Filmmaker Alfonso Cuaron’s long-awaited new film ROMA made its world premiere at the Venice Film Festival, and the reviews are unsurprisingly rapturous. The Oscar-winning director behind Gravity and Children of Men took his time in crafting his next project, opting to dig into his own past to create a semi-autobiographical story about a family living in Mexico City in the early 1970s, seen through the eyes of their housemaid. Presented in stunning digital black-and-white, Cuaron also served as co-editor and cinematographer on the film (his regular DP Emmanuel Lubezki was unavailable due to scheduling conflicts), and by most accounts he’s crafted a great film.

Eric Kohn at Indiewire notes how the film’s intimacy might actually make the fact that it’s releasing on Netflix a positive:

Roma assembles its narrative out of small moments, as the director’s camera pans slowly through various scenes to soak in the distinctive locale, while dispensing tidbits of story details from unlikely places. (It begs for multiple viewings, which could make the controversial decision for Cuarón to release the movie on Netflix actually a godsend, even though it deserves a big screen.)

roma-alfonso-cuaron
Image via Netflix

Over at The Playlist, Jessica Kiang heaped immense praise on Cuaron’s intimate world building:

The highest compliment that can be paid is that, again, it does not feel like this world was created but uncovered just the way it is, as though it had been trapped in amber for five decades, or caught in a sudden Vesuvian eruption, with food left on tables, books half-read on nightstands and dogs frozen mid-jump at the gate. The level of skill it takes to create this effect cannot be overstated: this is personal filmmaking taken to such an extremely minute level that at times it can almost feel prurient, like we’re accidentally eavesdropping on things too private for our ears, like we’ve intercepted an embrace sent back through time and not really meant for us at all.

Time’s Stephanie Zacharek pointed out how the film speaks to Cuaron’s humanistic tendencies:

This glorious, tender picture, a memoir written in film language, is only indirectly about the man who made it. He stands off to the side, in the shadows, beckoning us toward something. Roma is filmmaking as gesture, an invitation to generosity that we perhaps didn’t know we could feel.

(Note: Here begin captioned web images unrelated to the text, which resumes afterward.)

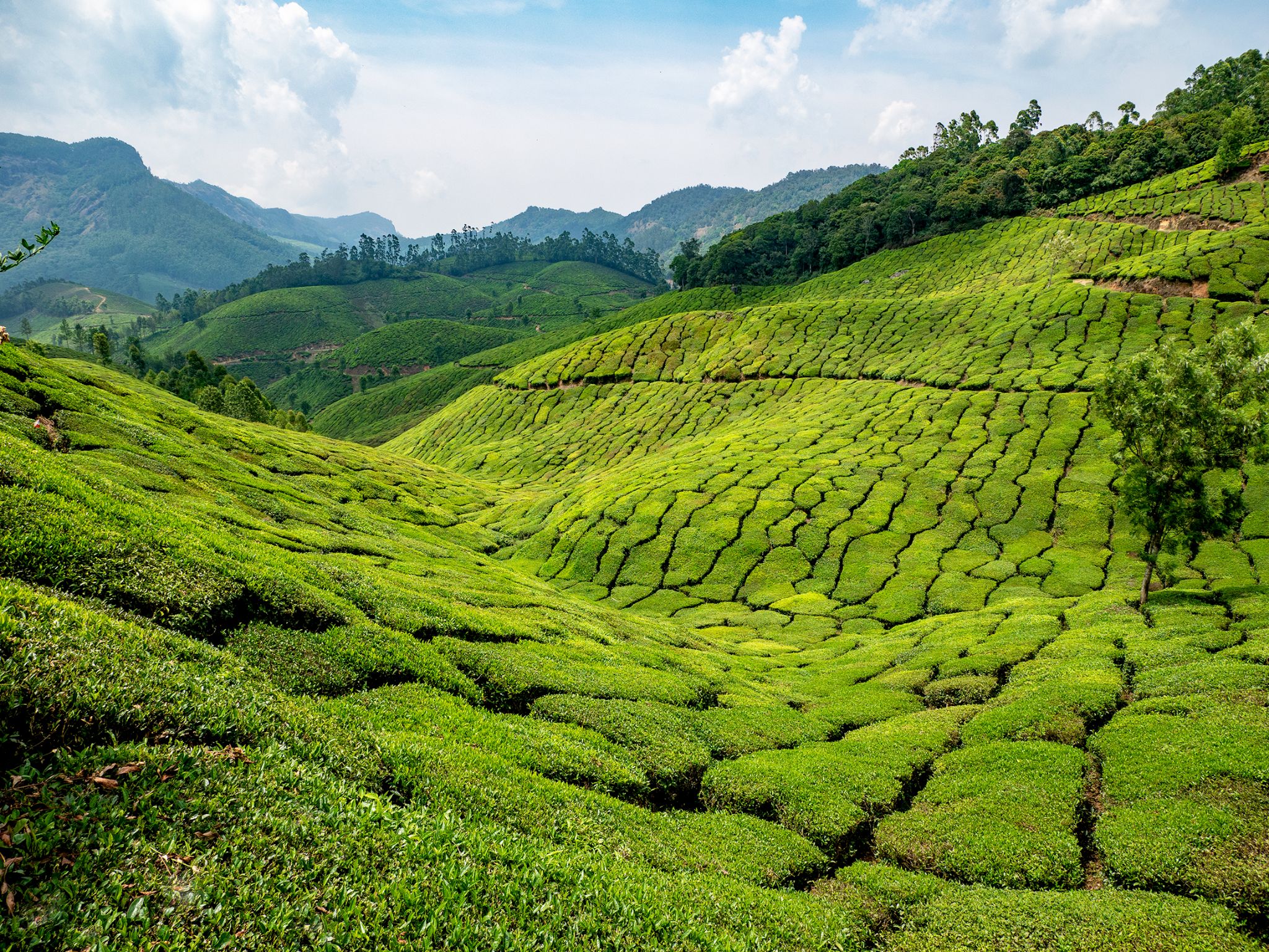 Munnar India 9 Tea Plantation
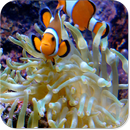 APK Fish 3D Live Wallpaper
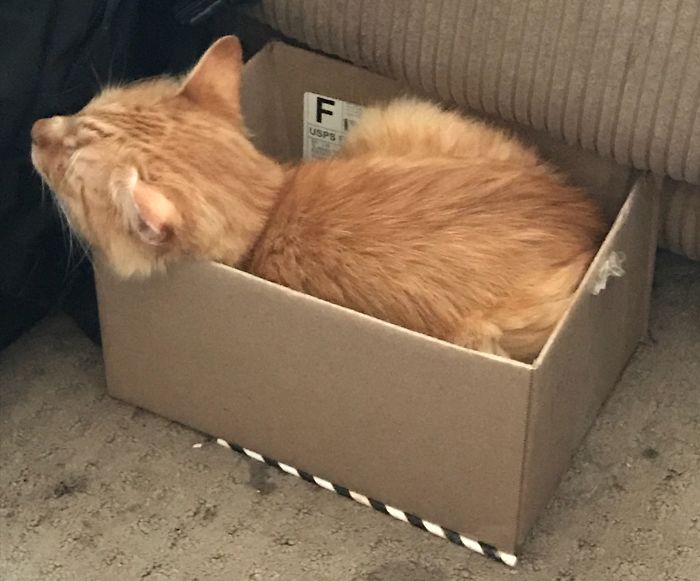 Oliver Loves A Box!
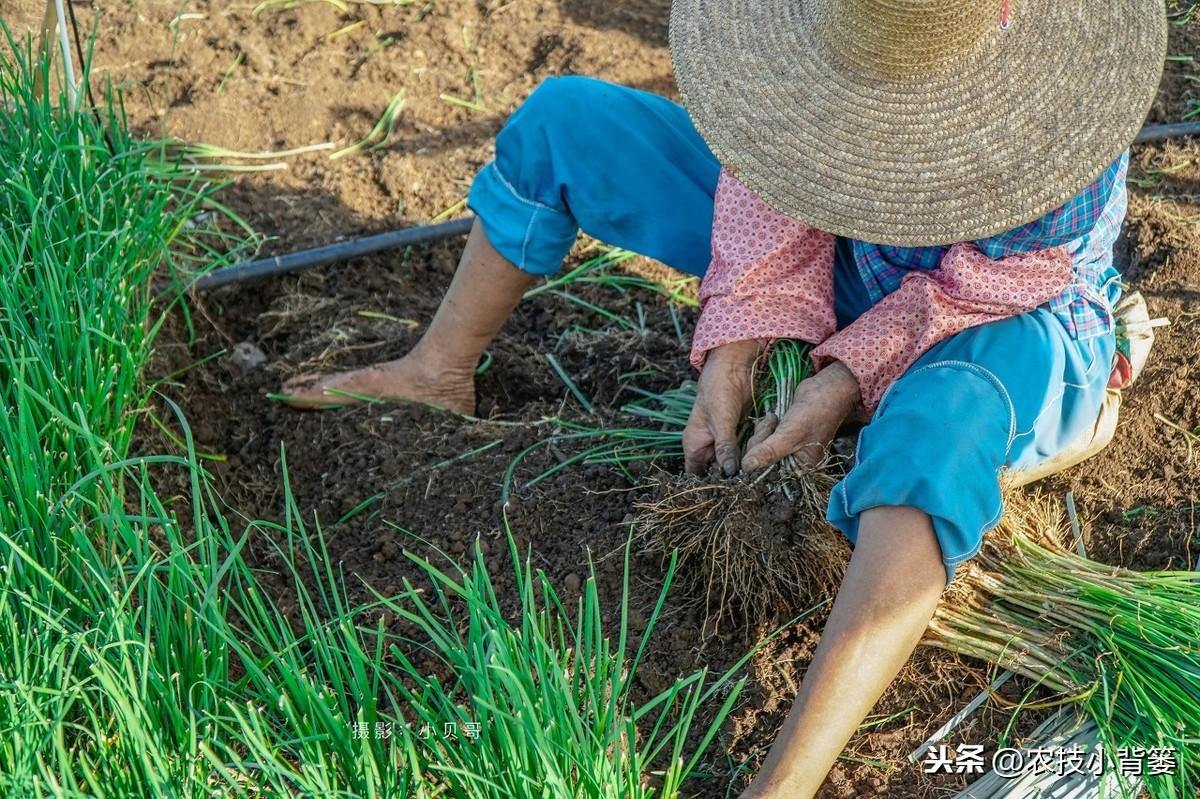 韭菜种植技术和时间_关于韭菜种植技术_韭菜种植技术与栽培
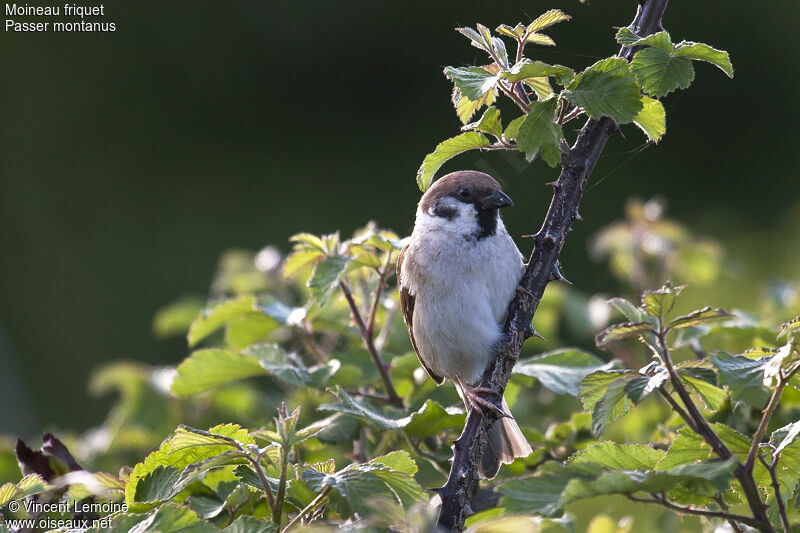 Moineau friquetadulte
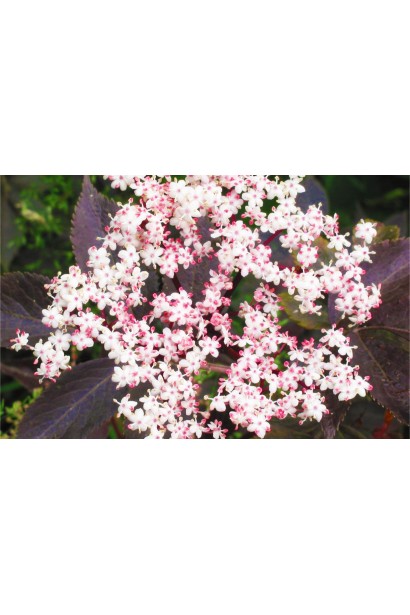 Світло-рожеві квіти бузини Блек Б`юті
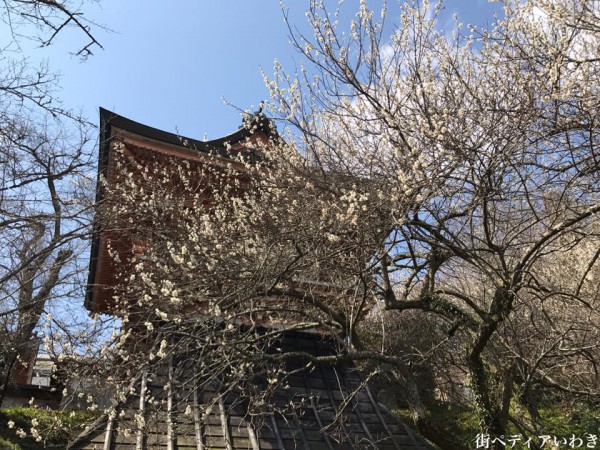 福島県いわき市平山崎浄土宗の寺院-梅の名所専称寺1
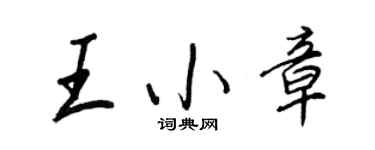 王正良王小章行书个性签名怎么写
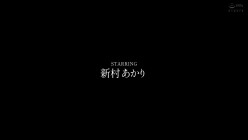 预览图16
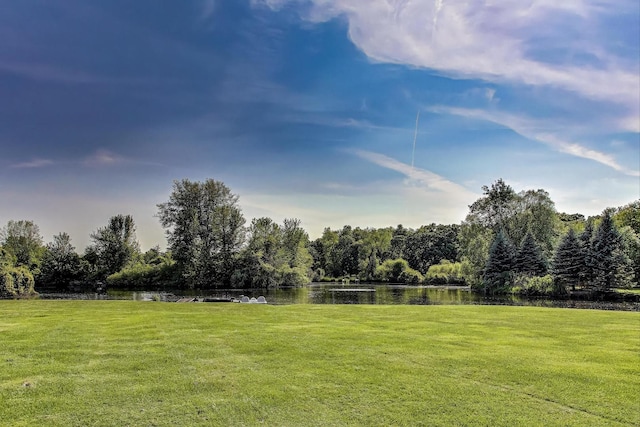 17N431 Oak Knoll Ln, Dundee, IL 60118 - photo 22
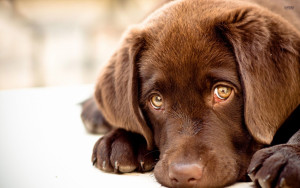 Sfondo cucciolo labrador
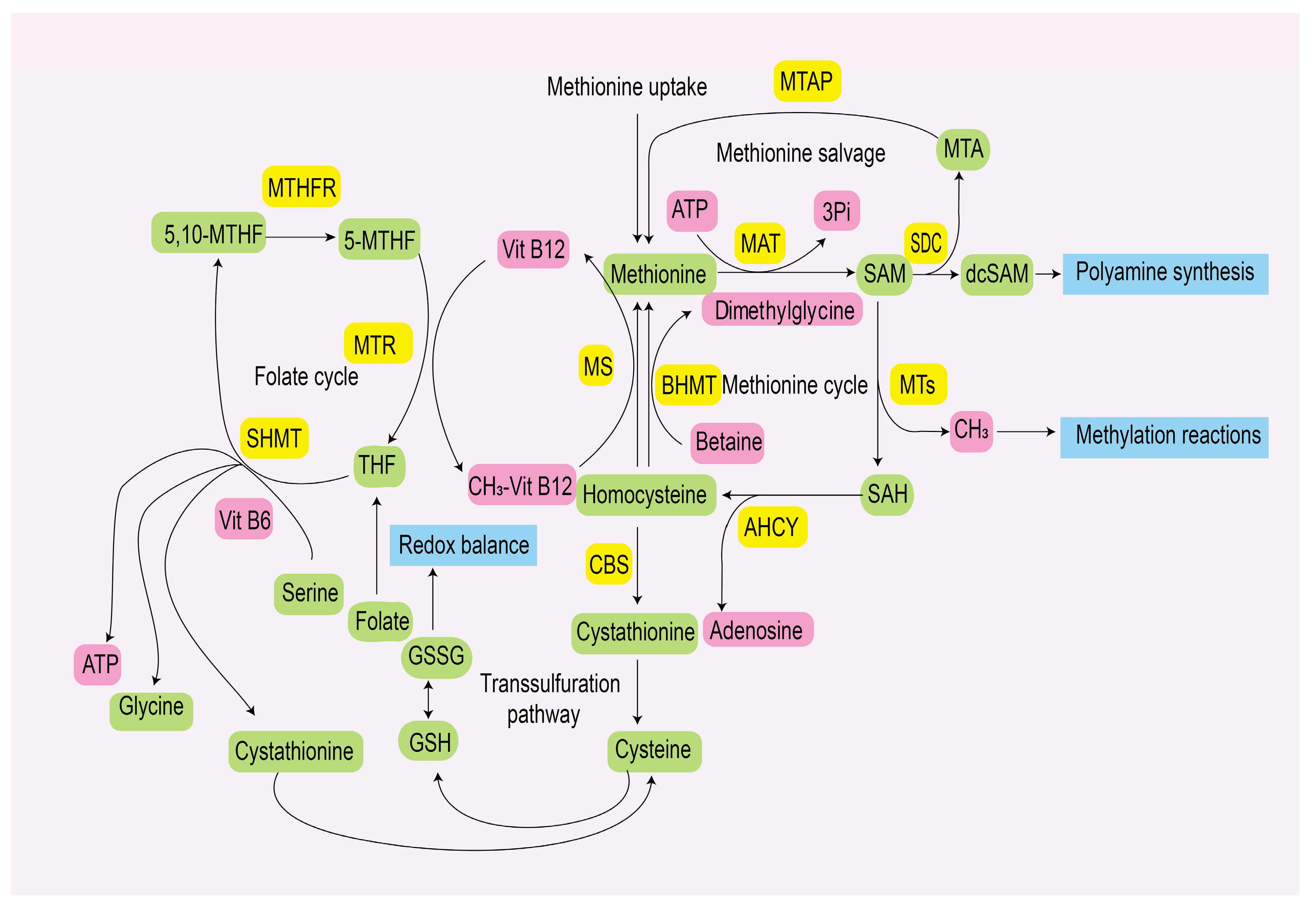 Pharmaceuticals 18 00640 g001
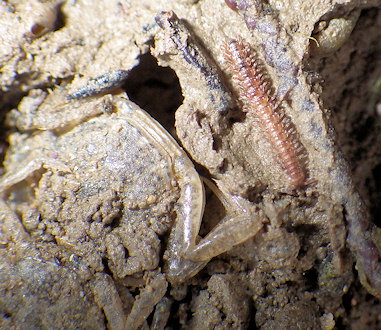 Polydesmus asthenestatus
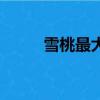 雪桃最大幾斤（雪桃多少錢一斤）
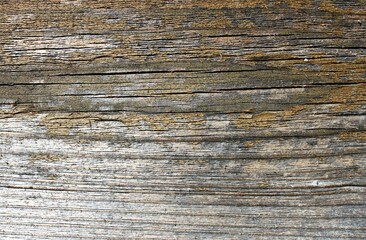 gray weathered old wood surface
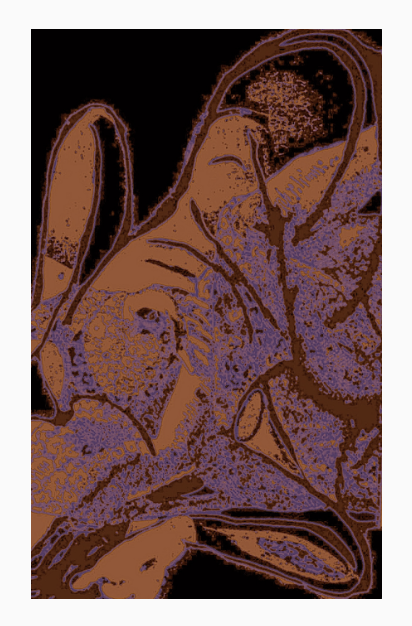 Crumb Woman Series (Digital Artworks)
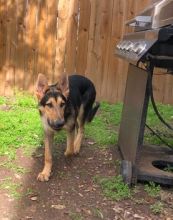 Zeppelin, stalking around the grill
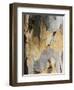 Eucalyptus Tree Bark, Greece, Europe-Robert Harding-Framed Photographic Print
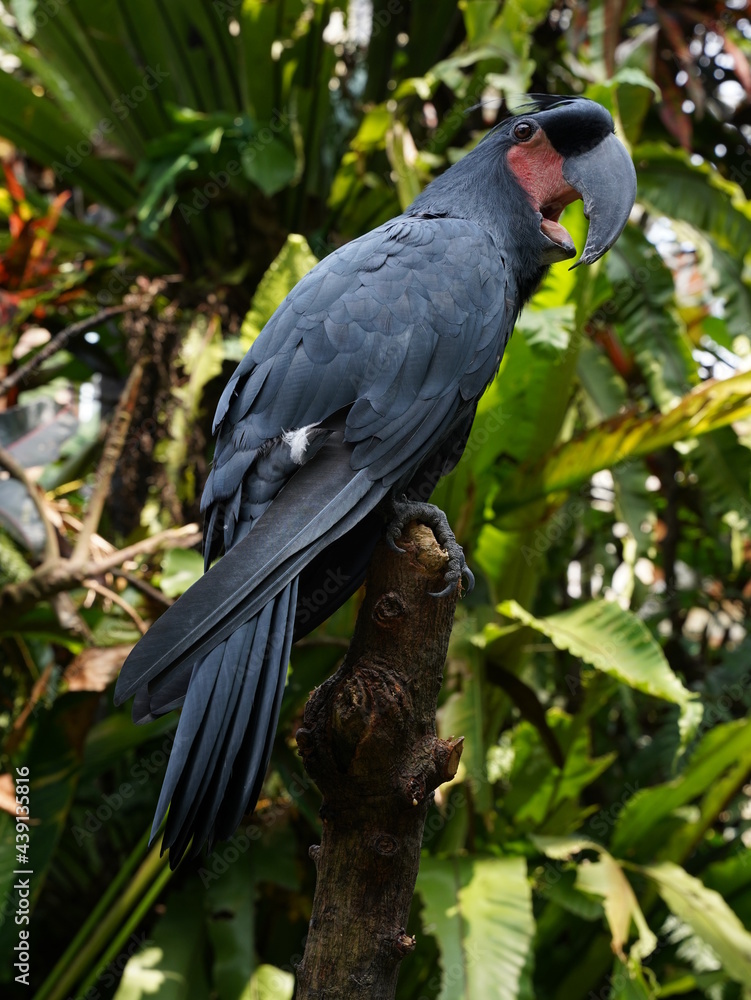 Obraz premium Black parrot Palm Cockatoo sitting in the jungle of Bali, Indonesia
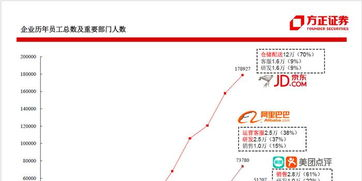 跨境汇率团队建设,跨境外汇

Over at The Guardian, Peter Bradshaw writes about how Cuaron traverses a variety of tones that somehow fit together:

Cuarón has an extraordinary way of combining the closeup and the wide-shot, the tellingly observed detail – humorous or poignant or just effortlessly authentic – with the big picture and the sense of scale. At times it feels novelistic, a densely realised, intimate drama giving us access to domestic lives developing in what feels like real time. In its engagingly episodic way, it is also at times like a soap opera or telenovela. And at other times it feels resoundingly like an epic.

roma-movie-image-1
Image via Netflix

THR critic Todd McCarthy echoed many others’ praise of newcomer Yalitza Aparicio in the role of the housemaid Cleo, and of Cuaron’s decision to focus his movie on this particular character:

And yet that’s what makes Cuaron’s decision to place her at the center of his autobiographical film so unusual and compelling: She’s the usually forgotten figure who here has been very much remembered, a decision that seems both personal and political. She’s the lost, normally anonymous figure — the maid, servant, underling — who here ever-so-tentatively emerges as the figure to whom, for the future’s sake, attention must be paid.

 

Roma may not be the memoir film many might have expected from such an adventurous, sometimes raunchy, sci-fi/fantasy-oriented filmmaker, but it’s absolutely fresh, confident, surprising and rapturously beautiful.

Not all of these first reviews was an out-and-out rave, as Owen Gleiberman at Variety praised the craftsmanship but said he was left a bit cold:

Roma is no mere movie — it’s a vision, a memory play that unfolds with a gritty and virtuosic time-machine austerity. It’s a Proustian reverie, dreamed and designed down to the last street corner and scuffed piece of furniture. Yet I actually think it’s far from a masterpiece, because as a viewing experience it has a slightly hermetic coffee-table-book purity. Every moment comes at you in the same methodically objective and caressing Zen way.

So it sounds as though Cuaron has crafted something wholly unique. The film is in competition at Venice where close friend and collaborator Guillermo del Toro heads the jury, so it’ll be interesting to see how those awards pan out. Look for Collider’s review of ROMA out of TIFF later next week.

ROMA will be released on Netflix and in select theaters later this year.